Por María Bolivia Rothe-.
Esther, nada más que nueve vueltas al sol vividas. Nueve apenas. Un suspiro. Recién empezaba a conocer la vida y ya se la arrebataron. Su inocencia de amor y cantos, mancillada. Sus sueños de crecer, estudiar y progresar para darle a su madre lo que no pudo tener; sus nueve años llenos de alegría, truncados, rotos. Hay cosas en la vida como esta, que son demasiado desgarradoras como para decirlas de otro modo. La muerte inútil de Esther; la muerte estúpida de Esther; la muerte sin motivo de Esther… esa muerte que se va perdiendo entre el torbellino de noticias, hasta convertirse en un número más.
Hemos perdido la capacidad de asombro. La capacidad de sufrir con el dolor ajeno. Es inconcebible que no se haya levantado toda Bolivia en un solo grito de indignación, por esta muerte tan absurda.
Somos una sociedad indolente e insolente con el dolor humano; pero, sobre todo, con las muertes de las mujeres.
Muere una mujer y es como parte del paisaje cotidiano, no pasa nada. Todo queda igual. Unos días –porque es noticia que vende– está en todos los diarios y en todos los noticiosos y, luego, se olvida. Otra vez, el silencio cómodo y cómplice que todo lo resuelve.
Esther me recuerda a Patricia, aquella niña violada en su colegio y ambas son los fantasmas de todas las niñas que han muerto vejadas, torturadas y mutiladas por seres que no merecen ser nombrados humanos.

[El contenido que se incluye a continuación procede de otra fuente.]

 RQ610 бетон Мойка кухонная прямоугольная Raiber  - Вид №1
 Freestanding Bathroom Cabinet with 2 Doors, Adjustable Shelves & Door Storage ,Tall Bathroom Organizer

Y la sociedad boliviana sigue incólume su ritual de dolor y muerte, mirando impávida como ni leyes, ni conceptos, ni compromisos rimbombantes tienen efecto. Siguen las niñas perdiendo su vida y cuando no la pierden físicamente, la pierden igualmente, teniendo que soportar una maternidad no deseada y prematura, que las mata en vida.
Las muertes de tantas Patricias, de tantas Estheres, son heridas que siguen sangrando en el seno mismo de nuestra sociedad. Son heridas que nos duelen, porque recrean, una y otra vez, la huella del patriarcado en el Estado. Ese patriarcado que condena a la mujer desde que nace, a morir de manera violenta y prematura, porque consciente un juego de roles que deja en franca desventaja a la mujer, aún ahora, después de que han pasado años de una lucha sin descanso, para no solamente lograr espacios de representación, trabajo igual por igual salario o decisiones sobre el propio cuerpo; esta lucha no avanza porque seguimos naturalizando en todos los espacios las ventajas, aunque sean pequeñas, de un género sobre el otro y así, nacer hombre ( ya lo decía Adela Zamudio hacen dos siglos) es siempre una ventaja comparativa a nacer mujer y, más aún, entre los que menos tienen, entre la clases más desposeídas, la sumisión de la mujer es aún más marcada y más dolorosa. Espantoso andamiaje que sostiene las muertes de estas niñas.
Ese patriarcado que se profundiza en el seno del actual gobierno conservador, que por definición, considera a la mujer un objeto sumiso, amable, delicado y utilizable para provecho de un andamiaje social cada vez más abyecto, entramado de poder, deseo, lujuria y redención, ese patriarcado que entró al Palacio Quemado hacen ocho meses ya levantando una Biblia y un sable y utilizando a una mujer para cumplir sus horrendos propósitos.
Ese patriarcado que empezábamos a desmontar, volvió a arremeter como la bestia y se cargó justamente, en esta época de horror, a una niña de nueve años.